**Task directions**
Look below for the line that has "Car-styling Inner Drivers". Set down the lines from there through the line that has "2015 Fiat 500", exactly as written.

**Exercise data**
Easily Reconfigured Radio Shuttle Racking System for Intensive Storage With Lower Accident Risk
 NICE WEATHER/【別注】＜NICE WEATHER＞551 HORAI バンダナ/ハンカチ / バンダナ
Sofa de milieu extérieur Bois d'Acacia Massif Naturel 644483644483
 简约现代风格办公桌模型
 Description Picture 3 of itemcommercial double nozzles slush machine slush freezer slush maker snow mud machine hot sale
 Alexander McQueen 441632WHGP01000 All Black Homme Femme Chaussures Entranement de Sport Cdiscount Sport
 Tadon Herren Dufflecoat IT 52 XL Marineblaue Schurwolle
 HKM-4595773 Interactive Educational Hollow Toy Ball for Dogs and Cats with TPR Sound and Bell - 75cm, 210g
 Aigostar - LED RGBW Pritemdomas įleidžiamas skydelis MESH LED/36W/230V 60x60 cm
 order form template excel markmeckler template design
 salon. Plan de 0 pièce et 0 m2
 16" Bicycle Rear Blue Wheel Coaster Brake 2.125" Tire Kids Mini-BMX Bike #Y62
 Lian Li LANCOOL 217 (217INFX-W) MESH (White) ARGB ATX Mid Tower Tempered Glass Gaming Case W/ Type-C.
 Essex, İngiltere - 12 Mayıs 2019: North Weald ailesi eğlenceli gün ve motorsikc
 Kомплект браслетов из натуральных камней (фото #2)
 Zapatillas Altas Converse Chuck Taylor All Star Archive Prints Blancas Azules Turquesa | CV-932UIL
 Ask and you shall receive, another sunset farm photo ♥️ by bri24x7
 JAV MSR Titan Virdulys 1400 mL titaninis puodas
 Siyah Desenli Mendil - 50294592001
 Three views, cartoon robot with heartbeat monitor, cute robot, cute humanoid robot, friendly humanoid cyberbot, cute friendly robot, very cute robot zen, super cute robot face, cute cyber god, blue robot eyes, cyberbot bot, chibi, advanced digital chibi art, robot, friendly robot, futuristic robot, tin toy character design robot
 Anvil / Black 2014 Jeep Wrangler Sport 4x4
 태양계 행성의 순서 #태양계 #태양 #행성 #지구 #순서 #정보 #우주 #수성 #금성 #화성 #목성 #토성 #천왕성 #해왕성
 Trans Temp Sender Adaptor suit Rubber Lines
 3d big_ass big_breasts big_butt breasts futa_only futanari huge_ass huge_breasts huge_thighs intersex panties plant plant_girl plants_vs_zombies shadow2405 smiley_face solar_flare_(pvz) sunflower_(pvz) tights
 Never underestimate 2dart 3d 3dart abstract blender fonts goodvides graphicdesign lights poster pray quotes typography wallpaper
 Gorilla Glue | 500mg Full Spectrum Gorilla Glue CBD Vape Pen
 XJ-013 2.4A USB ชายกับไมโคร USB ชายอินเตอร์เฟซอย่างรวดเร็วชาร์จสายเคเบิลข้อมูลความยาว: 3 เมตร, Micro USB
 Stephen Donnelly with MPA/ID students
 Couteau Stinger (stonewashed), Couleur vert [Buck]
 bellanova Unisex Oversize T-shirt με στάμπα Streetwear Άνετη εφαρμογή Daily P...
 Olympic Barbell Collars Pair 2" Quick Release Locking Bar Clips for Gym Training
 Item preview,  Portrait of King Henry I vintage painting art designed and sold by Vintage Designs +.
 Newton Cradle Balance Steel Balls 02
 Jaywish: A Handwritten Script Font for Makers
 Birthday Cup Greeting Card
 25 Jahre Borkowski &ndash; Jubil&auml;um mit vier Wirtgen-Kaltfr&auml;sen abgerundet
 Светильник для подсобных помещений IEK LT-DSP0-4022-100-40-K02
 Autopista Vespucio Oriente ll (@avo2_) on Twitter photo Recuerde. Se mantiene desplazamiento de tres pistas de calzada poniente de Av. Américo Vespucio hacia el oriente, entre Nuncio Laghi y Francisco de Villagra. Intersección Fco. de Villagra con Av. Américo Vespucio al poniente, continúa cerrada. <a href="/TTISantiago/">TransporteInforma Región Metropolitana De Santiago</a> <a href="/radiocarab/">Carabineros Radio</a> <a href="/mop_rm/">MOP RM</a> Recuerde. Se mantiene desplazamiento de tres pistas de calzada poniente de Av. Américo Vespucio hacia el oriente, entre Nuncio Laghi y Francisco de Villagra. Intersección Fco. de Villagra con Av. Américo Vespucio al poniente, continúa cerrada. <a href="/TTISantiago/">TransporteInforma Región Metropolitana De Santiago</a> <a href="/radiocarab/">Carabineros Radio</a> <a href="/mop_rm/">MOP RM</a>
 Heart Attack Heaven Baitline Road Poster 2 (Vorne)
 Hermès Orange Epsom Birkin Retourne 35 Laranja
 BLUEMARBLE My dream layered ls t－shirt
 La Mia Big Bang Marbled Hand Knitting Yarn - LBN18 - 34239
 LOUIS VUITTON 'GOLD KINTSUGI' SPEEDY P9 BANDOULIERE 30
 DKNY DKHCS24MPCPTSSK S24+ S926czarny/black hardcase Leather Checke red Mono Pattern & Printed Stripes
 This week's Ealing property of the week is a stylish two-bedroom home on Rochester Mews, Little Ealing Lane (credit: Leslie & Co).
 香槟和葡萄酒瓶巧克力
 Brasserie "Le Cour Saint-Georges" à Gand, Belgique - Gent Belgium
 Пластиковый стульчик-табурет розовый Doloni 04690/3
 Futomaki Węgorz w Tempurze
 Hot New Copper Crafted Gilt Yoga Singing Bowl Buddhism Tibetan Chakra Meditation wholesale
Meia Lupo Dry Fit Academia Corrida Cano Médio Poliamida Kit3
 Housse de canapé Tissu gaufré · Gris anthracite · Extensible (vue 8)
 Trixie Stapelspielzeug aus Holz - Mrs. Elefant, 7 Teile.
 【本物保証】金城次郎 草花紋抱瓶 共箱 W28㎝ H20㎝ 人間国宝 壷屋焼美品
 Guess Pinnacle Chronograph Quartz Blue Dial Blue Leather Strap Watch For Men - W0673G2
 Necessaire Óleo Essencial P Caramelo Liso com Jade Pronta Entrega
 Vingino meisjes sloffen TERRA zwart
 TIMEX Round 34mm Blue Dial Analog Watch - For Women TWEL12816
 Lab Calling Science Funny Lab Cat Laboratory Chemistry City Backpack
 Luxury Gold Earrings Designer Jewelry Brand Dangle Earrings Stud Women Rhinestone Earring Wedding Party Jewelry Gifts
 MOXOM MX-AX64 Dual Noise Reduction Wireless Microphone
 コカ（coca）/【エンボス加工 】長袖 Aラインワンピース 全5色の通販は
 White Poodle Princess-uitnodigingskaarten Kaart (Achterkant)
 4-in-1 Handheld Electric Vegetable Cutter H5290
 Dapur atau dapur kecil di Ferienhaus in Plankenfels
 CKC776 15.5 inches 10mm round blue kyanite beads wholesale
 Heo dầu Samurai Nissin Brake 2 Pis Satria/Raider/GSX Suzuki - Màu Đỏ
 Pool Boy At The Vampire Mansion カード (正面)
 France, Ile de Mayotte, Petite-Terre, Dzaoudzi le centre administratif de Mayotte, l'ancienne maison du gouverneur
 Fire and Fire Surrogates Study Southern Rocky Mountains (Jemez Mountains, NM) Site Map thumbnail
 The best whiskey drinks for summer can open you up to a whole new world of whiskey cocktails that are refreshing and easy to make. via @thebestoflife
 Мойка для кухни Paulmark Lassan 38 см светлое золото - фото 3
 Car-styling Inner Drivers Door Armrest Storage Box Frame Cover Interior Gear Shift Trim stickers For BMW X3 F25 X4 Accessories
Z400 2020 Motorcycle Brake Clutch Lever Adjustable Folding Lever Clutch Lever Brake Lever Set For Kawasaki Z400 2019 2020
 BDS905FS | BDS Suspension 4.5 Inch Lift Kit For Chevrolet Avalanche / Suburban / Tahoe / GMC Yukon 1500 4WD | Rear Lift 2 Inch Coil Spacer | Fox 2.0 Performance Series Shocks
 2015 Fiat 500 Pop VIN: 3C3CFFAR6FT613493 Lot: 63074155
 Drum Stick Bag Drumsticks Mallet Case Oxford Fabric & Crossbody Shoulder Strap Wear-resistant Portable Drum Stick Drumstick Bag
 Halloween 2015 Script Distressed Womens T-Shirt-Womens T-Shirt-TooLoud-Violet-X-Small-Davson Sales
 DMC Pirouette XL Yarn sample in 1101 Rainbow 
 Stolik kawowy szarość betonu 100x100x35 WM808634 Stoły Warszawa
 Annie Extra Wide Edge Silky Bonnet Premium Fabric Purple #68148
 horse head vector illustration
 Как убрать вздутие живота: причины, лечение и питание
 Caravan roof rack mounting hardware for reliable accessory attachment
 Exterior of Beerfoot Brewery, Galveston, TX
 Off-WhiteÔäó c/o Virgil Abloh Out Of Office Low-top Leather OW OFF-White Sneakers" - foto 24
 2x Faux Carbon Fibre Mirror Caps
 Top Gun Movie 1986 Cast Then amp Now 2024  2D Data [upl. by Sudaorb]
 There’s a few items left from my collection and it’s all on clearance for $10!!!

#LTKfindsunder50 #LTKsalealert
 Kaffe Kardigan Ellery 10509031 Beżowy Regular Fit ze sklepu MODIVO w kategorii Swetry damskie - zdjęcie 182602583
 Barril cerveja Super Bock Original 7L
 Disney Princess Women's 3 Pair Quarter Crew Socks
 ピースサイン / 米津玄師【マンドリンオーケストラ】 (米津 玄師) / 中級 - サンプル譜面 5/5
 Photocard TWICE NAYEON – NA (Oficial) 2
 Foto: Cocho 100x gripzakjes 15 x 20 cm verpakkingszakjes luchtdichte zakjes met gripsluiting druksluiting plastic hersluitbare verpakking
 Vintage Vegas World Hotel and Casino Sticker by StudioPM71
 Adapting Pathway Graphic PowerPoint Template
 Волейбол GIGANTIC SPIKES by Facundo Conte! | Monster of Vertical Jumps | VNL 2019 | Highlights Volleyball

**Response to the exercise**
 Car-styling Inner Drivers Door Armrest Storage Box Frame Cover Interior Gear Shift Trim stickers For BMW X3 F25 X4 Accessories
Z400 2020 Motorcycle Brake Clutch Lever Adjustable Folding Lever Clutch Lever Brake Lever Set For Kawasaki Z400 2019 2020
 BDS905FS | BDS Suspension 4.5 Inch Lift Kit For Chevrolet Avalanche / Suburban / Tahoe / GMC Yukon 1500 4WD | Rear Lift 2 Inch Coil Spacer | Fox 2.0 Performance Series Shocks
 2015 Fiat 500 Pop VIN: 3C3CFFAR6FT613493 Lot: 63074155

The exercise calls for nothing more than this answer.